Motifs finding in GraphFrames

Versions: GraphFrames 0.6

In the previous post in GraphFrames category I mentioned the motifs finding feature and promised to write a separate post about it. After several weeks dedicated to the Apache Spark 2.4.0 features, I finally managed to find some time to explore the motifs finding in GraphFrames.

Data Engineering Design Patterns

Looking for a book that defines and solves most common data engineering problems? I wrote one on that topic! You can read it online on the O'Reilly platform, or get a print copy on Amazon.

I also help solve your data engineering problems 👉 contact@waitingforcode.com 📩

The post starts with a section explaining motifs finding in graphs. The next part shows how to use this feature in the GraphFrames. In the last section, you will find the execution details.

Graph motifs finding

Motifs finding is also known as graph pattern matching. If you've already done some Scala, you have certainly met the pattern matching which consists on checking a value against some pattern. Applied to the graph, the pattern matching does almost the same, i.e. it finds some pattern inside the graph. The pattern is an expression used to define some connected vertices. For instance, if you apply the (person)-[works]->(Paris) on the following graph, you should get back the matches marked in red:

In our social media era, you can use motifs finding to suggest people to follow or friend candidates. The matching expression for that social use case can be defined as (person1)-[follows]->(person2); (person2)-[follows]->(person3); !(person1)-[follows]->(person3) where the ! is used to negate the pattern.

Motifs finding in GraphFrames

GraphFrames project offers the motifs finding feature through find(pattern: String) method.

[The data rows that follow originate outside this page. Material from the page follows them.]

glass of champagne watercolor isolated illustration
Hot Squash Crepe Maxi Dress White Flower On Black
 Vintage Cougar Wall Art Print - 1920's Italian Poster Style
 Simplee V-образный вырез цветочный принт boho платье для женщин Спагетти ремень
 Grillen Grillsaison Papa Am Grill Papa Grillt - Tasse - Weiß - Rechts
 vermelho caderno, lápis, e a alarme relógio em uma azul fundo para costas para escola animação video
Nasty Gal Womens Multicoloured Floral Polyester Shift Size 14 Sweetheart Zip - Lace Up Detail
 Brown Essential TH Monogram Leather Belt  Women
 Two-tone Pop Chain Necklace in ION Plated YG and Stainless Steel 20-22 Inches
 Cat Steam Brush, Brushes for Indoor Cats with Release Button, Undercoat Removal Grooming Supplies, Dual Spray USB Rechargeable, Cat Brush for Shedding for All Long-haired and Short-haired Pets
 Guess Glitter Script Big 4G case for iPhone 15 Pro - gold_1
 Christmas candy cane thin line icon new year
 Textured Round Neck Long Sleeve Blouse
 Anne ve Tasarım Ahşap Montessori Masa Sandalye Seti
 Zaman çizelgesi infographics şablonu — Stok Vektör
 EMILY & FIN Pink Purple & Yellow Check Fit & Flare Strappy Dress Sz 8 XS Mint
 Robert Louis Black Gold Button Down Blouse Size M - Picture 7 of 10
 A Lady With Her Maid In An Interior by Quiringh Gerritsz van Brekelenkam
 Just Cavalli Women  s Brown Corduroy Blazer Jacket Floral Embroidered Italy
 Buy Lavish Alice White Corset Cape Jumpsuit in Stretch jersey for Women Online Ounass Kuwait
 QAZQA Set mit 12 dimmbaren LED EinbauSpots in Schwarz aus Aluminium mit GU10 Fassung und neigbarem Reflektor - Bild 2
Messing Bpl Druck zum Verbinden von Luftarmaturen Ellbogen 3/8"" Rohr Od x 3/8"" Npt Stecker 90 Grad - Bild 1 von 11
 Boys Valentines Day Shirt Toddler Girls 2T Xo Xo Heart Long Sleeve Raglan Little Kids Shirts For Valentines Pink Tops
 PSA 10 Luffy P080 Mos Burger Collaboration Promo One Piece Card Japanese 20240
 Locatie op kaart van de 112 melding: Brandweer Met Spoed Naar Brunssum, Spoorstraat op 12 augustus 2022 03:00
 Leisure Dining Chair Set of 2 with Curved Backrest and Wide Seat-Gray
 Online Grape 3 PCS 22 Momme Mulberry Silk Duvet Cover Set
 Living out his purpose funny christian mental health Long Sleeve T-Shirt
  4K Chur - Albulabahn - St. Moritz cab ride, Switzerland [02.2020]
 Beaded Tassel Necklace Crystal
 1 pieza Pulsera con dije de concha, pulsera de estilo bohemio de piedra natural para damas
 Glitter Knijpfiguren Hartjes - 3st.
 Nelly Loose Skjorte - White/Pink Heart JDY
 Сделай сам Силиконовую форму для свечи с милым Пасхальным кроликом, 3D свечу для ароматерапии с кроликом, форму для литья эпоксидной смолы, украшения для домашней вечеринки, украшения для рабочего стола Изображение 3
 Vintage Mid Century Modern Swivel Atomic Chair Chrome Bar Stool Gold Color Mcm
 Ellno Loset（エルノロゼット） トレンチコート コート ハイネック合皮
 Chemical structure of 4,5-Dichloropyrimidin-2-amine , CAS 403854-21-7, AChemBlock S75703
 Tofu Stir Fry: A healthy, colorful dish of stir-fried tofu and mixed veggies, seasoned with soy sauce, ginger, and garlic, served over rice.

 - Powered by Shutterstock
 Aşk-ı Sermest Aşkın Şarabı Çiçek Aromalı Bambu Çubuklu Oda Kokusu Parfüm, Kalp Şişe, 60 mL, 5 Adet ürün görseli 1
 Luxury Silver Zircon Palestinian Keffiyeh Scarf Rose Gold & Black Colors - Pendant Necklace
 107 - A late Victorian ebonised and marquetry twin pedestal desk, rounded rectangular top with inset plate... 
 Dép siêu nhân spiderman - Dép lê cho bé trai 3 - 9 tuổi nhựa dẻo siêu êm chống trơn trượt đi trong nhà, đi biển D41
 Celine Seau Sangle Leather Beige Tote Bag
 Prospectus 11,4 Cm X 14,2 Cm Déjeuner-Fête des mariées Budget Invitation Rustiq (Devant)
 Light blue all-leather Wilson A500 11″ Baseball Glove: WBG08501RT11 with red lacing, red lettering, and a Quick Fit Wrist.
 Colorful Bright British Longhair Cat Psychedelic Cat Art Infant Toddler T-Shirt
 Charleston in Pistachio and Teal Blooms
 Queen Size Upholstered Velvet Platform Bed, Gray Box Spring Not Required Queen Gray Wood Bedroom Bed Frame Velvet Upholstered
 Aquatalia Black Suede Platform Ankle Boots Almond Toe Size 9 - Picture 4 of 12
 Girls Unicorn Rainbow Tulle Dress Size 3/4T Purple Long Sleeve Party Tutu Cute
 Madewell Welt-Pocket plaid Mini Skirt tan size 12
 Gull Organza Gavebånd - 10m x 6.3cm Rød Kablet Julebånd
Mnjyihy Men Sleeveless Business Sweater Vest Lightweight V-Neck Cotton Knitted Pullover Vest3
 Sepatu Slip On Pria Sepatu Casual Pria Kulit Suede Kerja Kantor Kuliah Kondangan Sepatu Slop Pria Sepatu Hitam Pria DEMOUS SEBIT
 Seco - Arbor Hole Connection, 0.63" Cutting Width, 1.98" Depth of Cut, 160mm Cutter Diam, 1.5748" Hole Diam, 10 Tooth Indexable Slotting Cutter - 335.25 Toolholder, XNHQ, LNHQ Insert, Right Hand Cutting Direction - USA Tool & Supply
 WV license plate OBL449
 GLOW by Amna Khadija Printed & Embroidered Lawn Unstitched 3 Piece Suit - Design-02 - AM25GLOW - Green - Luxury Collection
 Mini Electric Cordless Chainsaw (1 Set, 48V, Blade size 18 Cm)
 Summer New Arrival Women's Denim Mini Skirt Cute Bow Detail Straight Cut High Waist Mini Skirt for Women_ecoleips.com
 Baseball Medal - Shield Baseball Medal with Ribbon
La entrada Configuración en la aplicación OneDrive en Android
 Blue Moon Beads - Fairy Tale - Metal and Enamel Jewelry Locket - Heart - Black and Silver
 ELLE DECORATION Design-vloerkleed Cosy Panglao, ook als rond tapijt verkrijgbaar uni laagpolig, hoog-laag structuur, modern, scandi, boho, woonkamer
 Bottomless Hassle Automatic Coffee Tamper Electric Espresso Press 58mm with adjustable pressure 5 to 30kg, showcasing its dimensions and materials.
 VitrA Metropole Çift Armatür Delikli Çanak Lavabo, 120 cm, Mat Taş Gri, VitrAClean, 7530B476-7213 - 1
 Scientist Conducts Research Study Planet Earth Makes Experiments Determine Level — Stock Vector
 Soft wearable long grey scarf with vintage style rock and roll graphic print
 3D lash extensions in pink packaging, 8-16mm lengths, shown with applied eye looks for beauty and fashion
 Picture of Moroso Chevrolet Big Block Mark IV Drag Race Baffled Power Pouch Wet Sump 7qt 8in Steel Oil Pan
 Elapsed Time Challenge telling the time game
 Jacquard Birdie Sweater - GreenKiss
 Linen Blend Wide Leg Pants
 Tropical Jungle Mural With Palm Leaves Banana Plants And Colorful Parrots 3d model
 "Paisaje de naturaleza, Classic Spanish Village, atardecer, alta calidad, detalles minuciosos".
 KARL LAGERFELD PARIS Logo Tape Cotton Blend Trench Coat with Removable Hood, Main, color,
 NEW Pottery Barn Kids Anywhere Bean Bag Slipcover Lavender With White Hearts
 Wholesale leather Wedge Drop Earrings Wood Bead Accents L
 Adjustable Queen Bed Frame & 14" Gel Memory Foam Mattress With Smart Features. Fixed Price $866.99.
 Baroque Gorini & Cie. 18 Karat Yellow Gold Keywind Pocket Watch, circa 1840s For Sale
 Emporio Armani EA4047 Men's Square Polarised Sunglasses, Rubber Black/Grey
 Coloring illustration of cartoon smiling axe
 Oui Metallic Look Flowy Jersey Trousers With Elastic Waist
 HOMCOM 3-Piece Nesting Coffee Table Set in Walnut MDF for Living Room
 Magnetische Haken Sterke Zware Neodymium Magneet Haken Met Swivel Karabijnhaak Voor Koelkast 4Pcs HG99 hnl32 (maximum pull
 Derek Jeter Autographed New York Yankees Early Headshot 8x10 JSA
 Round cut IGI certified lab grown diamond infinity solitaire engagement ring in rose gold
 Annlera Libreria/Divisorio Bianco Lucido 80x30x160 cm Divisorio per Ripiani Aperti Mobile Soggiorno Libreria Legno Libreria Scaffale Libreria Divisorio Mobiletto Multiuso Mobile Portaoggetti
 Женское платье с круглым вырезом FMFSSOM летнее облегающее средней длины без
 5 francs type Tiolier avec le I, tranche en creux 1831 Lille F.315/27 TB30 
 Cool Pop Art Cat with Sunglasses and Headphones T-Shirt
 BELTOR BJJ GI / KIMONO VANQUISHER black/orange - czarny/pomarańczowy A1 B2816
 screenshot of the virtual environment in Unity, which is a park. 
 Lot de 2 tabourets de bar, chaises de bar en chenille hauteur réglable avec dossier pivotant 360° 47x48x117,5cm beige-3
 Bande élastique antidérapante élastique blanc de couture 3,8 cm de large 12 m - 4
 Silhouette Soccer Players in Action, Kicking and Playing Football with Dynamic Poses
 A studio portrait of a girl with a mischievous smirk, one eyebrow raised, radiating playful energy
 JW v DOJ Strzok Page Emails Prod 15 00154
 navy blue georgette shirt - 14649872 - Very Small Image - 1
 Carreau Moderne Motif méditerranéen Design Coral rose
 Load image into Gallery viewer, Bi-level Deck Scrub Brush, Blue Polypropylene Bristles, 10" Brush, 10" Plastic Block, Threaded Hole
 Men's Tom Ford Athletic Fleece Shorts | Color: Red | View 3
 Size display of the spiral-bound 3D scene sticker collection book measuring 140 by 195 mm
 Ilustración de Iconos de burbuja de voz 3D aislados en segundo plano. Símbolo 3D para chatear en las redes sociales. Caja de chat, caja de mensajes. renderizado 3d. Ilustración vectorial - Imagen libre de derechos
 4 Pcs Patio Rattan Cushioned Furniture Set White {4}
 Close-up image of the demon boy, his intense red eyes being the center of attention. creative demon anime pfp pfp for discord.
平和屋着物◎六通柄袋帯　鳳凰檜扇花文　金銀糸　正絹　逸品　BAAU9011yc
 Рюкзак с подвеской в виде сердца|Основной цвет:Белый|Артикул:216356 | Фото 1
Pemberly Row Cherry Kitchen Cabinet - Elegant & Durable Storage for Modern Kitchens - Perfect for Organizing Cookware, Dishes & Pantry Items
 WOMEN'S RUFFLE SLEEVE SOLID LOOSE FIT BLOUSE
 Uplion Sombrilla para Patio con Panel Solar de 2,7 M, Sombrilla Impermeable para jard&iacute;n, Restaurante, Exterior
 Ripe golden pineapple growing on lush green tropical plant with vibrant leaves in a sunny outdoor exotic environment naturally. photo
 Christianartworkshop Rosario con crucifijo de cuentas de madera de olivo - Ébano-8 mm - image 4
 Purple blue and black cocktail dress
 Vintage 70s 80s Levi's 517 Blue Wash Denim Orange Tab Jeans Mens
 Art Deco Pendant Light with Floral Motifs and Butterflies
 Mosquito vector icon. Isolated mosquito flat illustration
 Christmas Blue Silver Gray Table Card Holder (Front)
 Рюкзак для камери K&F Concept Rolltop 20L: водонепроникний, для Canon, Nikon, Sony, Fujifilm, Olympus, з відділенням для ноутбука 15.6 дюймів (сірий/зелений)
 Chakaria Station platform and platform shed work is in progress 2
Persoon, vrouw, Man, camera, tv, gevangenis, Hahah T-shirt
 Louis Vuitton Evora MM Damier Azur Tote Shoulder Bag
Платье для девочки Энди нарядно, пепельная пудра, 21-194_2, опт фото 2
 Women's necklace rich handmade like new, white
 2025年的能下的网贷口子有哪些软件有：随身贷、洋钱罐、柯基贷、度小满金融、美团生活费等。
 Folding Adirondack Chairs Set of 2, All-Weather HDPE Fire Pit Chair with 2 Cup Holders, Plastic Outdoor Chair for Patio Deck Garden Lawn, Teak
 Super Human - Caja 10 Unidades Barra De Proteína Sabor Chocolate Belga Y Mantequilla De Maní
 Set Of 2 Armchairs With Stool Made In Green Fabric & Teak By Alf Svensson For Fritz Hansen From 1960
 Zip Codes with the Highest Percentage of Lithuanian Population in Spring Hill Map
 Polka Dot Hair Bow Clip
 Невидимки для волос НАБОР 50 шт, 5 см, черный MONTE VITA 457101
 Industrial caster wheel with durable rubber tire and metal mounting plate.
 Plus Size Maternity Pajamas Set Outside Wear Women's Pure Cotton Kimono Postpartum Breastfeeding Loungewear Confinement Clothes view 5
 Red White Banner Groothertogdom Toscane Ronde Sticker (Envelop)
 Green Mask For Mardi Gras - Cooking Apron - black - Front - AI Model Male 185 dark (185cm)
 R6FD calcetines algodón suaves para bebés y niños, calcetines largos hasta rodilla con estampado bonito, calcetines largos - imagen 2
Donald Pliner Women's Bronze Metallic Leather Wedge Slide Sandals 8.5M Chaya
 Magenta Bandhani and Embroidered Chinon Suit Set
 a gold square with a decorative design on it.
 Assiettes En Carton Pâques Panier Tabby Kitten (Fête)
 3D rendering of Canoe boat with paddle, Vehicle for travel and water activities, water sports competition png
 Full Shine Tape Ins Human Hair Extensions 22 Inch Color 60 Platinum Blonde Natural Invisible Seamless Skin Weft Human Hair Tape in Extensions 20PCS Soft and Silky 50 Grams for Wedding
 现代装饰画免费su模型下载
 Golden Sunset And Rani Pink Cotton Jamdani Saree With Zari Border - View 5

As you can see, it takes a pattern to match in the parameter. The pattern is later parsed to one of the following Pattern implementations:

Negation - represents a negated expression, like for instance:

  private def testGraph: GraphFrame = {
    val followerRelationship = "follows"
    val people = Seq((1L, "user1"), (2L, "user2"), (3L, "user3"), (4L, "user4"), (5L, "user5")).toDF("id", "name")
    val relationships = Seq((1L, 2L, followerRelationship), (1L, 3L, followerRelationship), (2L, 3L, followerRelationship),
      (3L, 4L, followerRelationship), (4L, 3L, followerRelationship)).toDF("src", "dst", "label")
    // graph: (user1)---[follows]-->(user2)---[follows]--->(user3)<---[follows]--->(user4)
    //                 |                                                                   ^
    //                  -----------------------------[follows]------------|
    GraphFrame(people, relationships)
  }

  "negated pattern" should "be used to find every user who doesn't follow user3" in {
    val graph = testGraph

    val matchesWithoutNegation = graph.find("(user_1)-[follows]->(user_2)")
      .select(functions.concat($"user_1.name", functions.lit("--[follows]-->"), $"user_2.name").as("match"))
      .where(raw"""follows.label = "follows"""")
    val matchesWithNegation = graph.find("(user_1)-[follows]->(user_2); !(user_2)-[]->(user_1)")
      .select(functions.concat($"user_1.name", functions.lit("--[follows]-->"), $"user_2.name").as("match"))
      .where(raw"""follows.label = "follows"""")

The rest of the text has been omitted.